WORK ITEM: In the entries below, find the line with "this 608×364 image." and transcribe it and every line after it exactly, through the last line, without pictures.

TASK DATA:
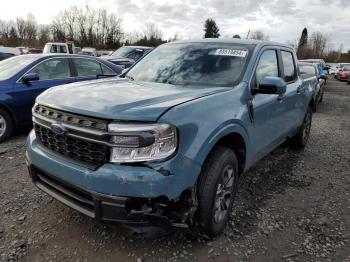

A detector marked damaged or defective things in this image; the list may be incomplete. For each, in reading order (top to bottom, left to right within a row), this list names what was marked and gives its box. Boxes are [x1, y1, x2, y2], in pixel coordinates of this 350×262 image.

dented hood [37, 77, 230, 121]
cracked headlight [108, 122, 176, 163]
damaged front bumper [26, 130, 201, 227]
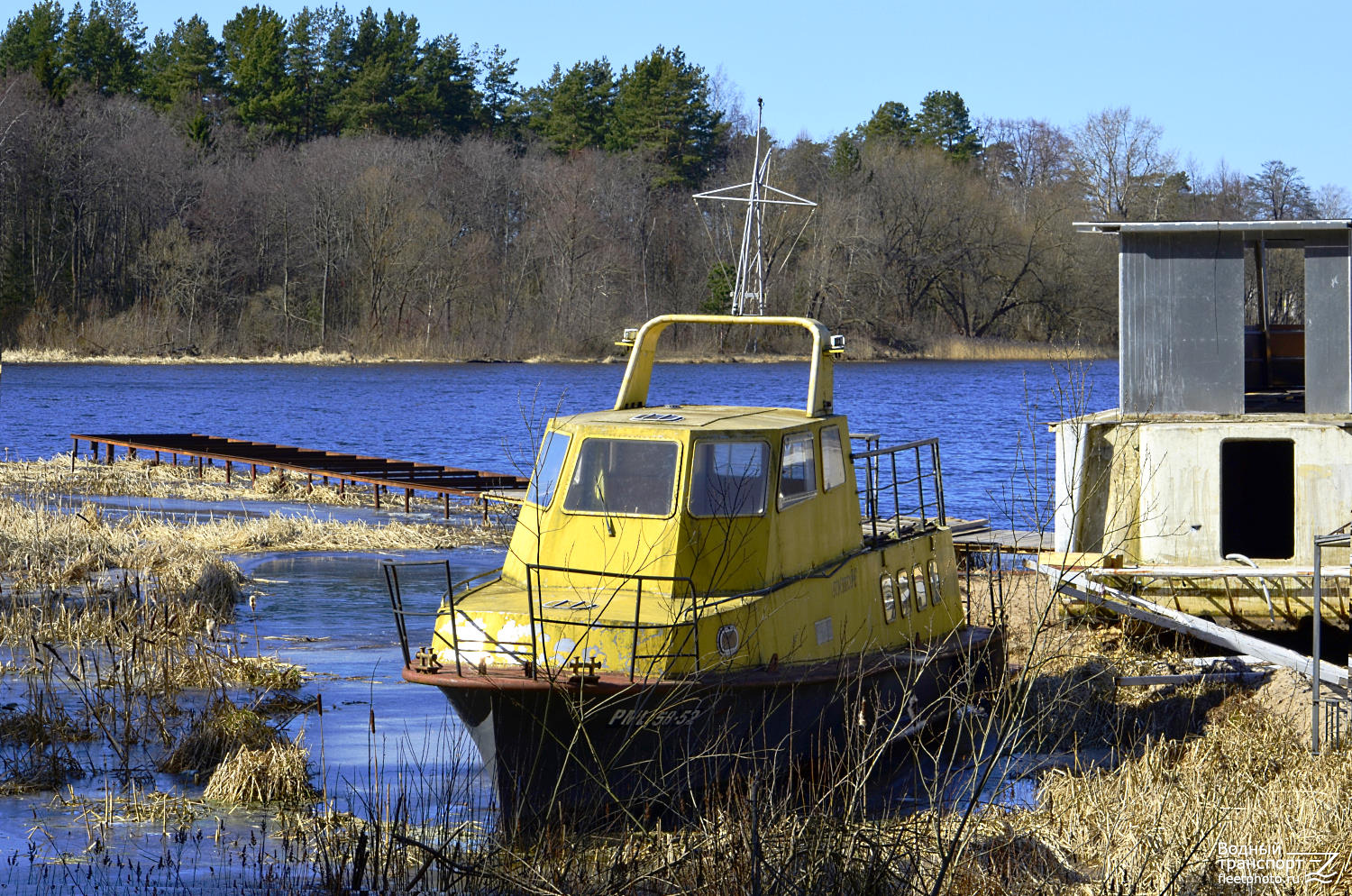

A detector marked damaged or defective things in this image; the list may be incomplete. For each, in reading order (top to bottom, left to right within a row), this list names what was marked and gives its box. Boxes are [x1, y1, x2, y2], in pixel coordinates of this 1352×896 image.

rusty metal railing [858, 436, 952, 541]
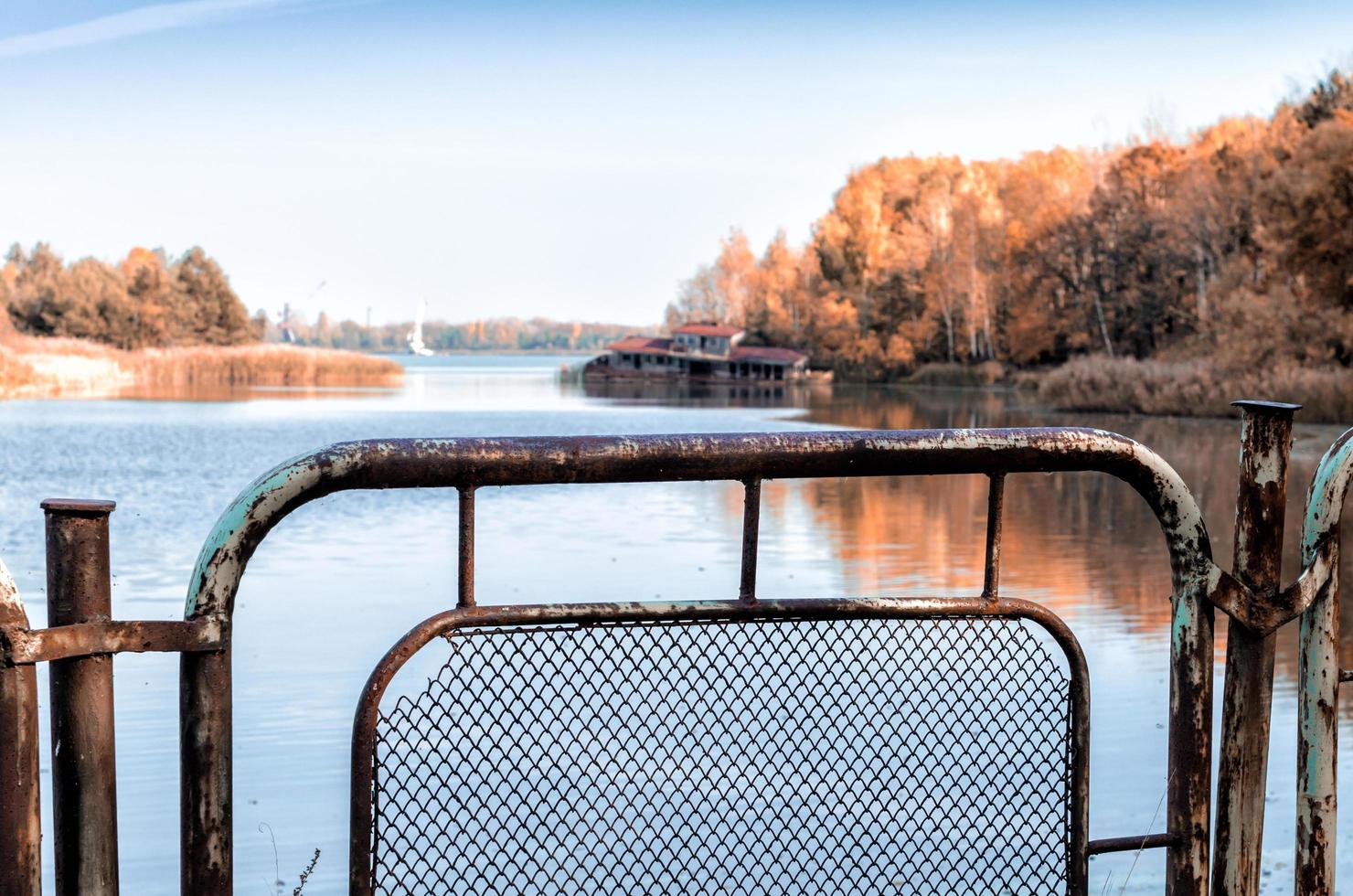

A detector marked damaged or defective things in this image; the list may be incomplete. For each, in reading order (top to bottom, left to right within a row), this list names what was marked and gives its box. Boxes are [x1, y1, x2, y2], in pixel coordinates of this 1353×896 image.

rusty metal gate [2, 406, 1346, 896]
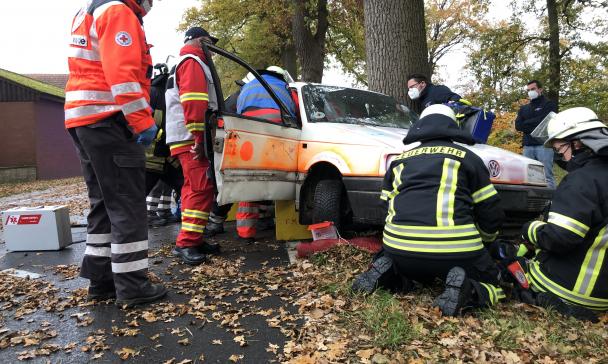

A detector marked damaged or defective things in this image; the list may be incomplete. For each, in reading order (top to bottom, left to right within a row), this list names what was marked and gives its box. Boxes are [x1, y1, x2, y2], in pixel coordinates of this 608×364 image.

shattered windshield [300, 84, 416, 129]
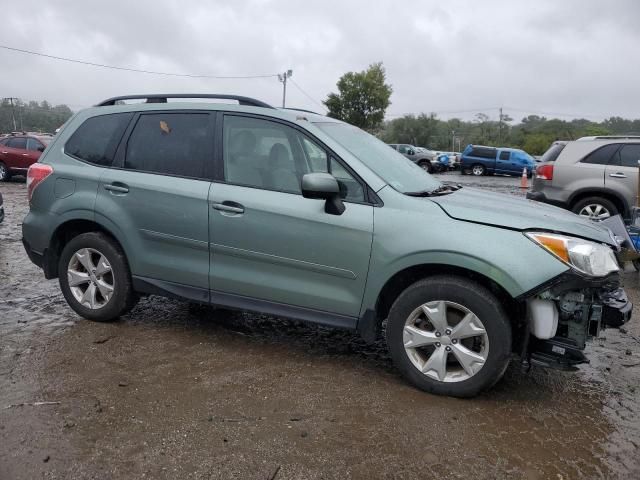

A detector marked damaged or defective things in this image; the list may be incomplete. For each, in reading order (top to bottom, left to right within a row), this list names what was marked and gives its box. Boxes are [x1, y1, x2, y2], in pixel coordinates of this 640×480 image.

THE ANSWER:
A detector marked damaged or defective things in this image; the list may be incomplete. For each, in reading order (top to bottom, left to right within a row), this list names what was marked and gives its box. Boxes are [x1, y1, x2, y2], in pixel coordinates of this 608×364 image.

shattered windshield [300, 84, 416, 129]

A detector marked damaged or defective things in this image; the list may be incomplete. For each, in reading order (top to bottom, left to right within a row), this list names what was marked and gives its box. Boxes are [x1, y1, x2, y2], in pixel coordinates of this 640×480 image.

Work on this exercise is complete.